To conclude, I see some truths stressed in GE as a formulation of what a Catholic ought to hope for in a pope. May God allow that this hope become fulfilled: that Pope Francis’ magisterium truly be carrying out the mission of the Pope; that instead of sowing confusion and errors, Pope Francis may become a servant of the revealed truth and of the sacred doctrine of the Church, over which the Pope is not Lord, but to which he has to submit and which he has to transmit so that all men may be moved by the truth and beauty of the Gospel and of the holiness God wills to give to each of us if we cooperate with His grace.

 


[1] See the marvelous meditation of these beatitudes in Dietrich von Hildebrand, Transformation in Christ. On the Christian Attitude of Mind, last edition with a new sub-title: Transformation in Christ. Our Path to Holiness. Reprint of 1948 (New Hampshire: Sophia Institute Press. 1989).

[2] See also Josef Seifert, “Amoris Laetitia. Joy, Sadness and Hopes”. Aemaet Bd. 5, Nr. 2 (2016) 160-249, http://aemaet.de urn:nbn:de:0288-2015080654; the same author, “Does pure Logic threaten to destroy the entire moral Doctrine of the Catholic Church?Aemaet, Wissenschaftliche Zeitschrift für Philosophie und Theologie http://aemaet.de, Bd. 6 (2017), 2-9.

[4] Pope Francis does not mention here the further part of St. Benedict’s rule that shows that offering hospitality and a roof to needy persons is not always required nor refusing it intrinsicallly evil as abortion. St. Benedict states in his rule that if a guest disturbs the community of the monastic life, he should be told that he should leave; and if he does not follow this request, two stout monks should put him outside by force.

[5] For example, in GE 85, he lists a number of evil actions that are no doubt intrinsically and always evil:

In Matthew’s Gospel too, we see that what proceeds from the heart is what defiles a person (cf. 15:18), for from the heart come murder, theft, false witness, and other evil deeds (cf. 15:19). From the heart’s intentions come the desires and the deepest decisions that determine our actions.

In 113 he is speaking of the intrinsic evil of vengefulness:

113. Saint Paul bade the Romans not to repay evil for evil (cf. Rom 12:17), not to seek revenge (v. 19), and not to be overcome by evil, but instead to “overcome evil with good” (v. 21).

One might add many other examples of intrinsically evil acts, quite in line with GE, for example rape, sexual abuse, homosexual acts, calumnies, perjuries, false accusations, deliberately unjust judgments of judges for the sake of personal gains, accepting bribes, etc., etc.

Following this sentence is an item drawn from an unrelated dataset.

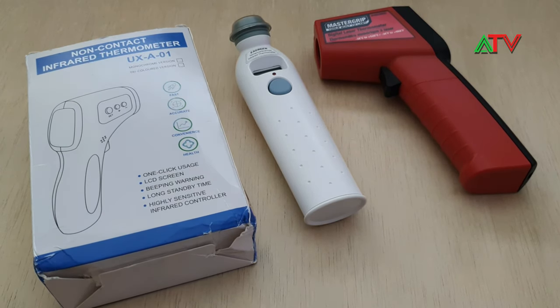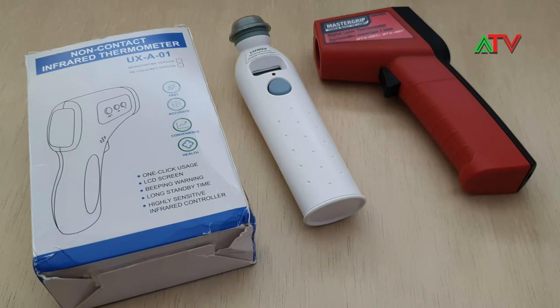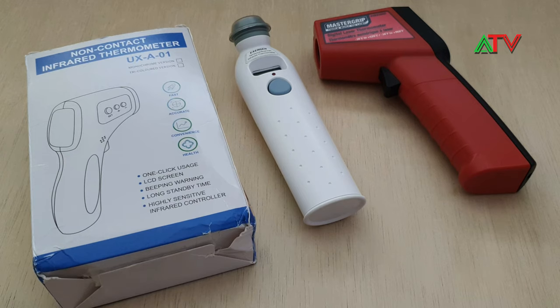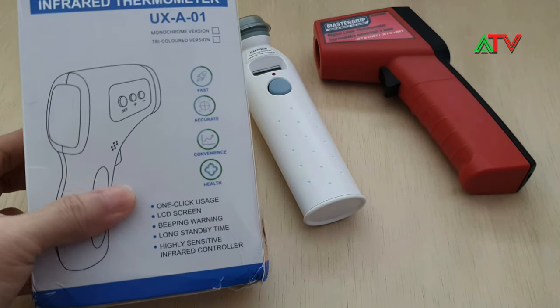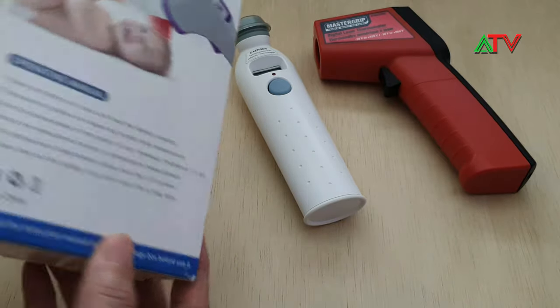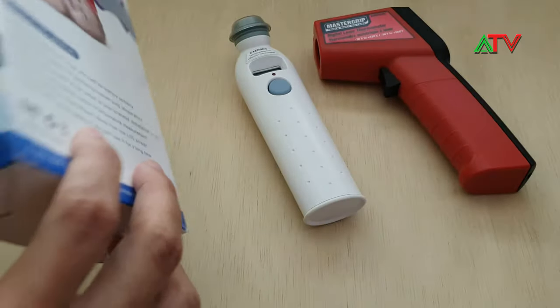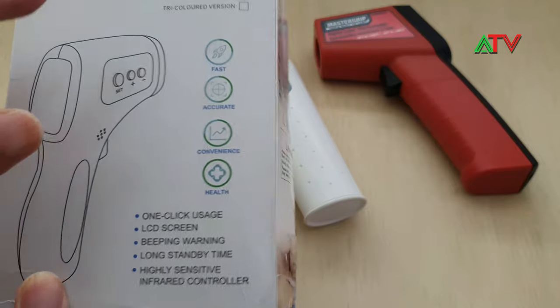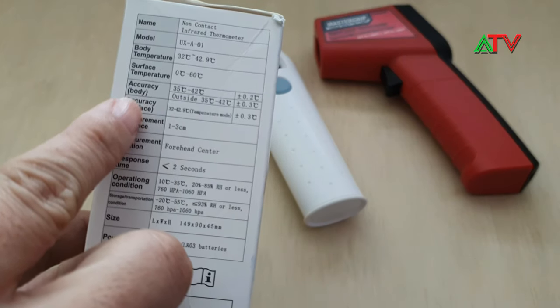Just want to make a quick video regarding the infrared thermometers that you can buy online, or maybe outside of the Philippines, as well as some of the face masks that are available. Right here you're looking at three of them. The one on the left is from China, and it is limited to scanning body temperatures only.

In his interpretation of the “Blessed are the merciful…”, he says: 80:

Mercy has two aspects. It involves giving, helping and serving others, but it also includes forgiveness and understanding. Matthew sums it up in one golden rule: “In everything, do to others as you would have them do to you” (7:12). The Catechism reminds us that this law is to be applied “in every case”,[71]especially when we are “confronted by situations that make moral judgments assured and decision difficult”.[72]

In 82, he adds:

For this reason, in the Gospel of Luke we do not hear the words, “Be perfect” (Mt 5:48), but rather, “Be merciful, even as your Father is merciful. Judge not, and you will not be judged; condemn not, and you will not be condemned; forgive, and you will be forgiven; give, and it will be given to you” (6:36-38). Luke then adds something not to be overlooked: “The measure you give will be the measure you get back” (6:38). The yardstick we use for understanding and forgiving others will measure the forgiveness we receive. The yardstick we use for giving will measure what we receive. We should never forget this.